It’s a chilly Friday night in Bonita Springs. The bleachers overflow with fans as the stadium lights kick on and eleven softball players jog into right field to warm up. These men have been through hell. They’ve braved bombs and bullets and shrapnel and rockets and fire. And now they are on a mission: to show that life goes on after war.
Outfielder Daniel “Doc” Jacobs, pictured above, 26, flops onto his back to stretch. Jacobs, a U.S. Marine who lives in San Diego, lost his left leg below the knee after being struck by an Improved Explosive Device (IED) during a routine patrol in the Sunni Triangle in Iraq in February of 2006.
After two years in rehab, Jacobs has returned to full duty. Part of his job includes traveling around the country with the Wounded Warrior Amputee Softball Team, a collection of U.S. Army and Marine Corps veterans who have lost limbs post 9/11 while serving their country. The team averages two games a month against police departments and fire departments across the United States. On this night they play the Bonita Springs Fire Department.
Every member of the team has a story. Second baseman Tim Horton, 27, of San Antonio, served two years and eight months with the U.S. Marine Corps, with a full year of that service spent in the hospital after and IED struck his humvee, spraying his body with shrapnel, breaking his wrist, both elbows and taking his left leg below the knee. Horton said after 50 surgeries, he’s stopped counting. What he and his teammates can count on is his athletic ability, which he demonstrated by back-pedaling into center field and a diving catch to end the first inning.

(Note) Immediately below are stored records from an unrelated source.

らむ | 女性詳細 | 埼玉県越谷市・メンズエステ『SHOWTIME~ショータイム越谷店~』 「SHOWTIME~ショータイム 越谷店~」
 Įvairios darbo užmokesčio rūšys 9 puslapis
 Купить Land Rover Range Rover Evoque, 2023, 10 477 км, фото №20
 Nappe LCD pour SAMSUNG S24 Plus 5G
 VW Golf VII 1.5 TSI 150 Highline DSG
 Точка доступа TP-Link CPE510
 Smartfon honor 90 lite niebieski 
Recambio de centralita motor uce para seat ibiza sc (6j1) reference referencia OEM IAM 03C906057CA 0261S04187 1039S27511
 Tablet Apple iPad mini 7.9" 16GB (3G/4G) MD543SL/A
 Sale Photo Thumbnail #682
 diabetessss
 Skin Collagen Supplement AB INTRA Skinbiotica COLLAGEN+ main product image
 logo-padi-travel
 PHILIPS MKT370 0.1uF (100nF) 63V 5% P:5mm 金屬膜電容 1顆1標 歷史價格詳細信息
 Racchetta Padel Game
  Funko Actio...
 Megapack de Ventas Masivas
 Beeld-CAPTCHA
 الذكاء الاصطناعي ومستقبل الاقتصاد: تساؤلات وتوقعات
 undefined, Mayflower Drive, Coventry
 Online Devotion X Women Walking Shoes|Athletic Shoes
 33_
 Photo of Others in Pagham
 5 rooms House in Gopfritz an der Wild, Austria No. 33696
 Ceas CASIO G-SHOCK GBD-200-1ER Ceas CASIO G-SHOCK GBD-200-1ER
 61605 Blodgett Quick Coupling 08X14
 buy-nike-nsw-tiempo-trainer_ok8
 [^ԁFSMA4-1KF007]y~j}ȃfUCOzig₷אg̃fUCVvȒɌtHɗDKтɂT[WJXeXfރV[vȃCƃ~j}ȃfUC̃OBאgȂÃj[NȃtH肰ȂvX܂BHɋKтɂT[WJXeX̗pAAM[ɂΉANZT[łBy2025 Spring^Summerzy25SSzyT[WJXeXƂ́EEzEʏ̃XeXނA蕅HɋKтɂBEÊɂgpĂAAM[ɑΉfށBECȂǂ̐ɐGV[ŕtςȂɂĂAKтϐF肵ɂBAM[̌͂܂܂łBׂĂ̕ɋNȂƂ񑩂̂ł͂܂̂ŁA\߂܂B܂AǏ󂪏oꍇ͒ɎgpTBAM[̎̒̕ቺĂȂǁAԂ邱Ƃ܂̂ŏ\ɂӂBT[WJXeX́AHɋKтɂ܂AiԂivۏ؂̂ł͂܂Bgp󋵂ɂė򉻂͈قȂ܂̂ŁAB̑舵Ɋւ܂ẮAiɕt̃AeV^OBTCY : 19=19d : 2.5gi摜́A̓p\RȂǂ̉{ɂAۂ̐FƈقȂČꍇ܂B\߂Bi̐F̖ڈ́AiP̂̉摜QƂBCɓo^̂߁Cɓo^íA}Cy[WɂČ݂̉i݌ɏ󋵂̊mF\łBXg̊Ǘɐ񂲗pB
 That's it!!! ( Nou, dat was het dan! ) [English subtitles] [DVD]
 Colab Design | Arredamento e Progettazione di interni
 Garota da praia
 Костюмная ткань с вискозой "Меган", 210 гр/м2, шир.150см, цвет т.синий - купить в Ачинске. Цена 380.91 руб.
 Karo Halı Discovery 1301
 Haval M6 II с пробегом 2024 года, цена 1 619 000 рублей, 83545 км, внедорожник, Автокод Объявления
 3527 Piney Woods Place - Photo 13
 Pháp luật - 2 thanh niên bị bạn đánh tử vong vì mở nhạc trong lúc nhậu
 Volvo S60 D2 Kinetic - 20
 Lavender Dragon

Head Coach David Van Sleet also works for the U.S. Department of Veterans Affairs, specializing in prosthetics. Van Sleet says he put the Wounded Warrior Amputee Softball Team together last spring after marveling at the scope of athletic talent returning from Iraq and Afghanistan with severe injuries.
“After they were injured, they didn’t know if they were going to live,” Van Sleet said. “They didn’t know if they were going to walk again. They didn’t know if they were going to play sports again.”
After much brainstorming, Van Sleet put a national call out to VA hospitals, military bases and other organizations that might point him towards the best veteran amputee athletic talent in the country. Hundreds answered the call. Twenty made the cut.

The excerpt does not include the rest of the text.